• Exercise objective
Reproduce the listing below from the line with "Madewell Striped Lakeville Pullover" to the line with "Personalized Engraved Stainless", both lines included, character for character, minus any pictures.

• Extracted records
▼▼▼

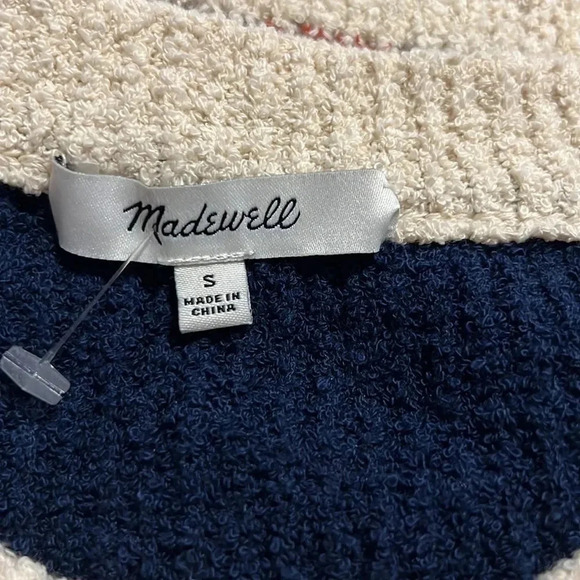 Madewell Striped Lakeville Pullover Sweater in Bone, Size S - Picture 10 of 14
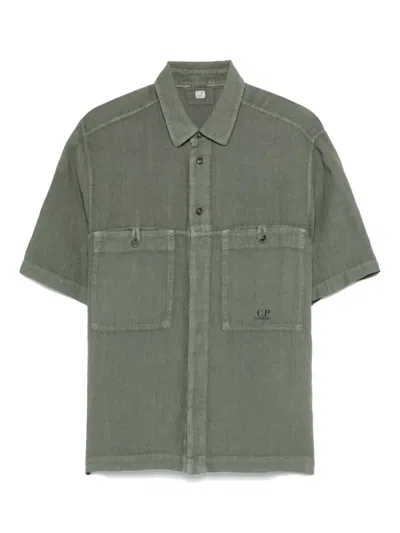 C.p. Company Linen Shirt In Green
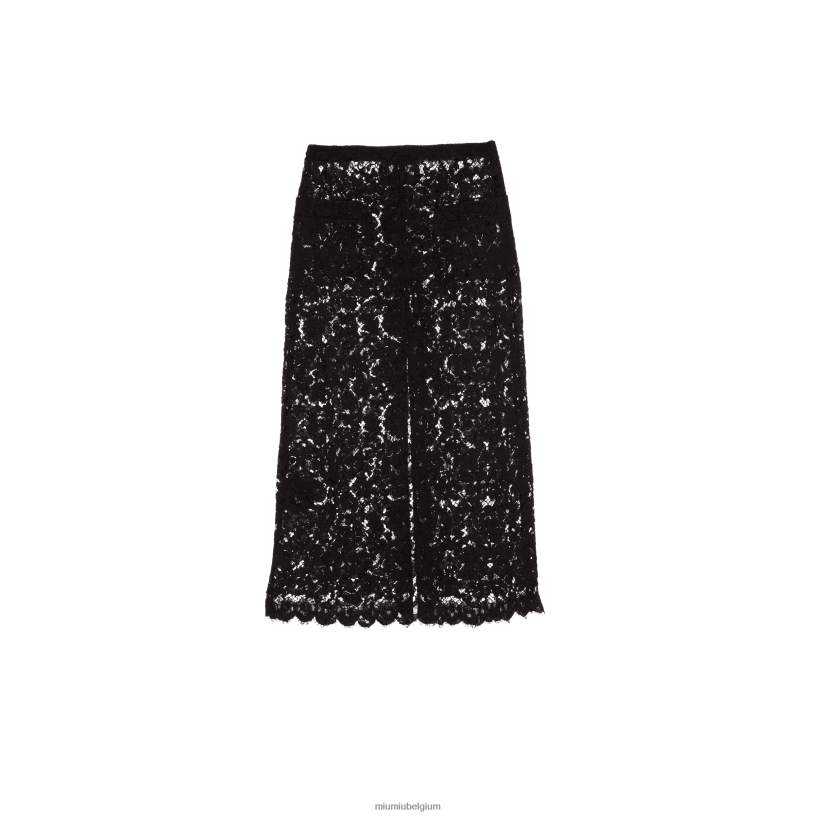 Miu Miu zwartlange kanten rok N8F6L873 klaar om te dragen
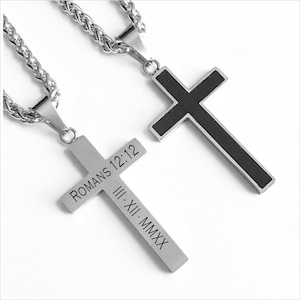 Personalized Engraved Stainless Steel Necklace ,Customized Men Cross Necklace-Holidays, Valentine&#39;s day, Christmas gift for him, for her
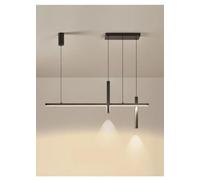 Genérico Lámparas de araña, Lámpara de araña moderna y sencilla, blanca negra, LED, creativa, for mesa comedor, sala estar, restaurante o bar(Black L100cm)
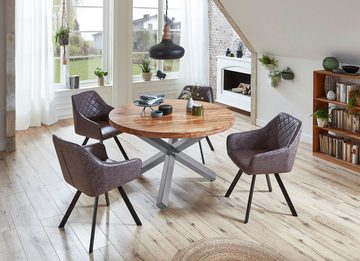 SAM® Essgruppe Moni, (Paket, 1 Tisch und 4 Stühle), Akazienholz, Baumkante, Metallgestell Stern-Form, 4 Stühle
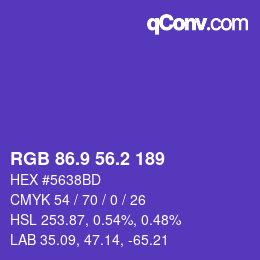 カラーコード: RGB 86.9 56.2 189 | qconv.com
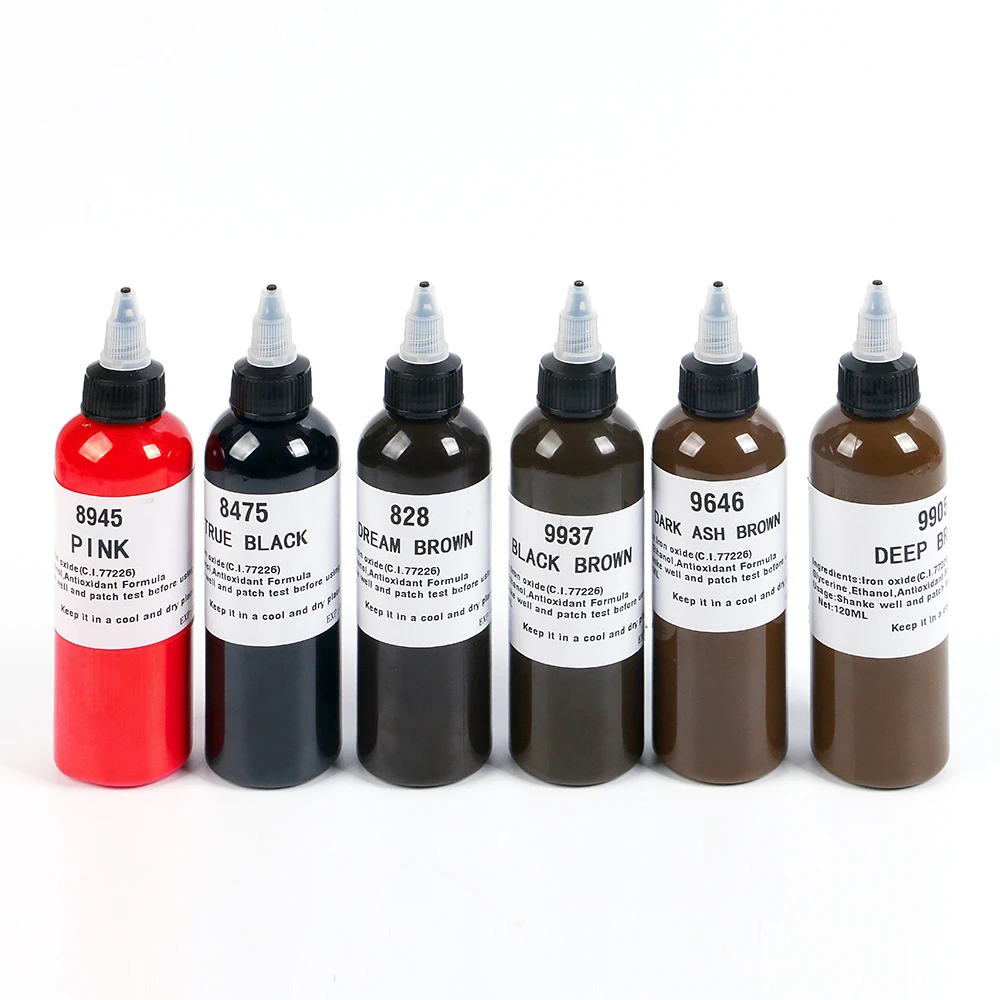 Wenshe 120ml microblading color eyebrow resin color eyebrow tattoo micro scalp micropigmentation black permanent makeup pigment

▲▲▲
▼▼▼

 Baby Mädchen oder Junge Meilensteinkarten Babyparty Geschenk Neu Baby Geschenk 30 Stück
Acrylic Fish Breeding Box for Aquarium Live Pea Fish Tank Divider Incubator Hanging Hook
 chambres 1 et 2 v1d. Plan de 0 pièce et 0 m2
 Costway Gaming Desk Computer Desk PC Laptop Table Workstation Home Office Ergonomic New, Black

▲▲▲

• Answer to this task
 Madewell Striped Lakeville Pullover Sweater in Bone, Size S - Picture 10 of 14
 C.p. Company Linen Shirt In Green
 Miu Miu zwartlange kanten rok N8F6L873 klaar om te dragen
 Personalized Engraved Stainless Steel Necklace ,Customized Men Cross Necklace-Holidays, Valentine&#39;s day, Christmas gift for him, for her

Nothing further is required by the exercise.